Although I was given more encouragement than discouragement, what sticks out from those years are the two times I was told that pursuing a career in journalism would be difficult. Hard. One, from a loving adult in my family who knew that journalists worked tough schedules: late nights and long days dependent on deadlines. I heard him but was still wanting to try. The second time was from a school and writing mentor who said in passing one day that the field was competitive, “hard.” She didn’t say that I was not good enough to compete. But, to me, that was what hard meant.
I gave up on journalism after a few years at college, never giving it a fair shot.
This morning, twenty years later, I sat at my computer, my one-year-old using the pepper grinder like a maraca next to me and my four-year-old putting out imaginary fires in the background, and wrote an email to another mentor, a woman who was a highly successful journalist from my hometown, Buffalo. I had never exchanged more than a hello with her when I interned at my hometown paper. But, this morning I was feeling brave. I told her my situation: mother of two small kids with a PhD in literary studies, aspiring to be a journalist but unsure where, at this point, to begin. I asked her for some career advice. She told me that it would be tough for me to be a journalist. It's a hard career. Especially now.
She didn’t elaborate or explain why. But her words were like a harsh sun, melting my block of ice before I had the chance to begin to sculpt again.
Nothing that she said wasn’t true or practical.

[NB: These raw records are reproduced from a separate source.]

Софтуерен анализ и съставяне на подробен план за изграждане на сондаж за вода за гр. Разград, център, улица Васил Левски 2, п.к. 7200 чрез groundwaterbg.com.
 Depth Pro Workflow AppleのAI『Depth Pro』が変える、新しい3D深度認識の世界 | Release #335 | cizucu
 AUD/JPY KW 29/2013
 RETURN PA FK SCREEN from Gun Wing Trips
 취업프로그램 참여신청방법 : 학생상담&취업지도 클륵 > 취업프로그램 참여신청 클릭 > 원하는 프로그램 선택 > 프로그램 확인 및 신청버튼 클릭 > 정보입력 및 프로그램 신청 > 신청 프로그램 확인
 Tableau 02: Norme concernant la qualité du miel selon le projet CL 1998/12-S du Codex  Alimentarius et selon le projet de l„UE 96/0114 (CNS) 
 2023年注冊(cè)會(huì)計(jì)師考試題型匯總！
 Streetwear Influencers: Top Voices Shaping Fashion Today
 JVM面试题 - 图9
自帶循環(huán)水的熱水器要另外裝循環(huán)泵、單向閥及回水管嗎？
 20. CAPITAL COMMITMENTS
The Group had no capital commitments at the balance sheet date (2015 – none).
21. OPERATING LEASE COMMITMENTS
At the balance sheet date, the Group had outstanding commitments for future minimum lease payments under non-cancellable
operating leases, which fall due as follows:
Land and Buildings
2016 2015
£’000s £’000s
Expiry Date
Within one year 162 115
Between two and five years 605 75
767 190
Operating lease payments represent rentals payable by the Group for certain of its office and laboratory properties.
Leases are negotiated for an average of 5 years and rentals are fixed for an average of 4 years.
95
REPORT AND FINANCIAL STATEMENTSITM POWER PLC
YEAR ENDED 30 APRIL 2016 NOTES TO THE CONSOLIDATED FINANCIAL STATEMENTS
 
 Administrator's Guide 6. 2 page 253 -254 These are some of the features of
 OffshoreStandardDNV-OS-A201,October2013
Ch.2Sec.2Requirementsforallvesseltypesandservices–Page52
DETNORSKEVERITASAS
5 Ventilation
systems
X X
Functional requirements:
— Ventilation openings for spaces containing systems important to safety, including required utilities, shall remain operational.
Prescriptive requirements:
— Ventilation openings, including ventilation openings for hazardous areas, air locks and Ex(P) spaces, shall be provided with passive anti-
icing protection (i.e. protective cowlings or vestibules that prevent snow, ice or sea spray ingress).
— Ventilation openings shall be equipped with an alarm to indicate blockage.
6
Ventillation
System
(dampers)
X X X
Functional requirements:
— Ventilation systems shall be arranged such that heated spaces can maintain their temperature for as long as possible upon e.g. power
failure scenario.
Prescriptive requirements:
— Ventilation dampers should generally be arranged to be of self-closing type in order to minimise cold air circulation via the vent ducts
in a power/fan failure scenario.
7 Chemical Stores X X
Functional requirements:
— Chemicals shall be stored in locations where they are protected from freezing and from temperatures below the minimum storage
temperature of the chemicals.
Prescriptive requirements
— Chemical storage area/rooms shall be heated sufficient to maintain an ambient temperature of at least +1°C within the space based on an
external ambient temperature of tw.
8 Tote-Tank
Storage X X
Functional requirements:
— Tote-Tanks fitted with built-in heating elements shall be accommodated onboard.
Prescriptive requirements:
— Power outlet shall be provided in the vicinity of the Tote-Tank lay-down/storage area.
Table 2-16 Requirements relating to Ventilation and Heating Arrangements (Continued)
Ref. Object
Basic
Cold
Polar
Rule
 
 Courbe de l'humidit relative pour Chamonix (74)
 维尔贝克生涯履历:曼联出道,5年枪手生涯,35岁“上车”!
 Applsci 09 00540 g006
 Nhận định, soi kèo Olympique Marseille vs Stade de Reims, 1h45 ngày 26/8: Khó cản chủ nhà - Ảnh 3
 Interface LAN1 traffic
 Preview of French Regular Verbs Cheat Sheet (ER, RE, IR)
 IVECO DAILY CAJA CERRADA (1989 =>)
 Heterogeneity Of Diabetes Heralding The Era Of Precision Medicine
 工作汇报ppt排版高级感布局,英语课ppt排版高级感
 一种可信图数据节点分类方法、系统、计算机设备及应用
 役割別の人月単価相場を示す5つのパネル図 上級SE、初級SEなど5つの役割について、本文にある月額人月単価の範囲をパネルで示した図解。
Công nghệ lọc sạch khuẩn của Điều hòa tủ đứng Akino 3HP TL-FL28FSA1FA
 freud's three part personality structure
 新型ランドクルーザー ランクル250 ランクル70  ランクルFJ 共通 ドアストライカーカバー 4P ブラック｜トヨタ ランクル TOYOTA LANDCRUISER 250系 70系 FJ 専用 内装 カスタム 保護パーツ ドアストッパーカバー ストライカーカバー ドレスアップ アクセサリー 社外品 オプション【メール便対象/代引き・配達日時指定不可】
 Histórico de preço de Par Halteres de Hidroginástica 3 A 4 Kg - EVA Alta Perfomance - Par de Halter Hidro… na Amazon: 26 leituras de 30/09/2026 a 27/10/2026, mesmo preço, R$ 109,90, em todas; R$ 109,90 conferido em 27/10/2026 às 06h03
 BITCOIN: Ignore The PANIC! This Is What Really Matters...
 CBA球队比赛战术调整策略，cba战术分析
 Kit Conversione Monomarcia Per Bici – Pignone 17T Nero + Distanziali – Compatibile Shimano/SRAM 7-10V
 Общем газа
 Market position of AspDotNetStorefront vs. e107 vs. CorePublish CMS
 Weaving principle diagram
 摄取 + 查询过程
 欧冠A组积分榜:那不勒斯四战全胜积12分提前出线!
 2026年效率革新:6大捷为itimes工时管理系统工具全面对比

Still, her words were deflating. I suddenly felt all of the things that I feared at once: that it was too late for me to have a career as a writer; no one would read my words, the field was too competitive, I would be critiqued, I was not good enough to make it.
It was too hard.
Once my initial reaction settled, I began to feel the powerful soul within me rise up against my harsh inner critic. First, she rose in anger. Not anger at the person to whom I had written; I knew that person was only being honest. It was true that journalism would be hard. Rather, my anger was directed at the part of me that had translated hard into impossible. The part of me that had kept me from believing in myself for all of these years.
Sure, things would be hard. Building a career as a mother would be difficult. But, I could do it. I had given birth twice to posterior babies, I had run a marathon in Madrid, I had written and defended a dissertation. I could definitely handle hard. Instead of shying away from what I wanted most, I could chose to believe that people would care, that people would want to listen, that my stories might be meaningful.
I could stop waiting for others to believe in me. I could believe in myself. I could begin to write. And if it was hard, at least I would know that I had given it a shot.
So, today I am giving it a shot. I am putting myself out there, bare-skinned, and showing myself before this cold spell ends and it all melts away.